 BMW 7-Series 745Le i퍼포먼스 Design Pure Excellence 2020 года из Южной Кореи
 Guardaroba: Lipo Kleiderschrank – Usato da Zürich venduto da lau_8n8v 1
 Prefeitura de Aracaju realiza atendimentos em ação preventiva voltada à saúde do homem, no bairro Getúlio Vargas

++++++++

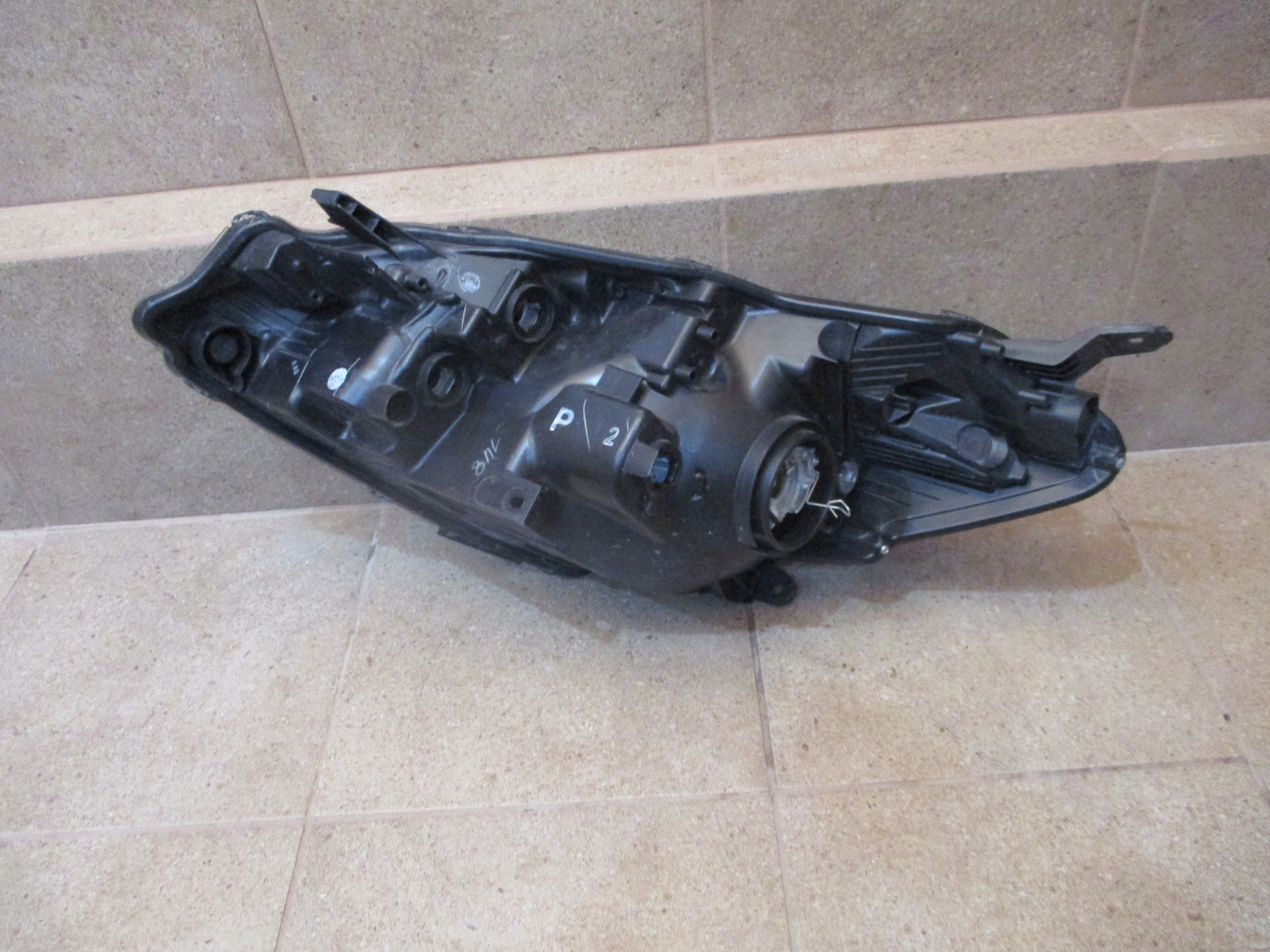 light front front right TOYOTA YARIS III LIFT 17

++++++++

From the listing above, repeat exactly the lines starting at the line that includes "Guardaroba: Lipo Kleiderschrank" and ending at the line that includes "Prefeitura de Aracaju", with nothing outside that span.

- Worked solution:
 Guardaroba: Lipo Kleiderschrank – Usato da Zürich venduto da lau_8n8v 1
 Prefeitura de Aracaju realiza atendimentos em ação preventiva voltada à saúde do homem, no bairro Getúlio Vargas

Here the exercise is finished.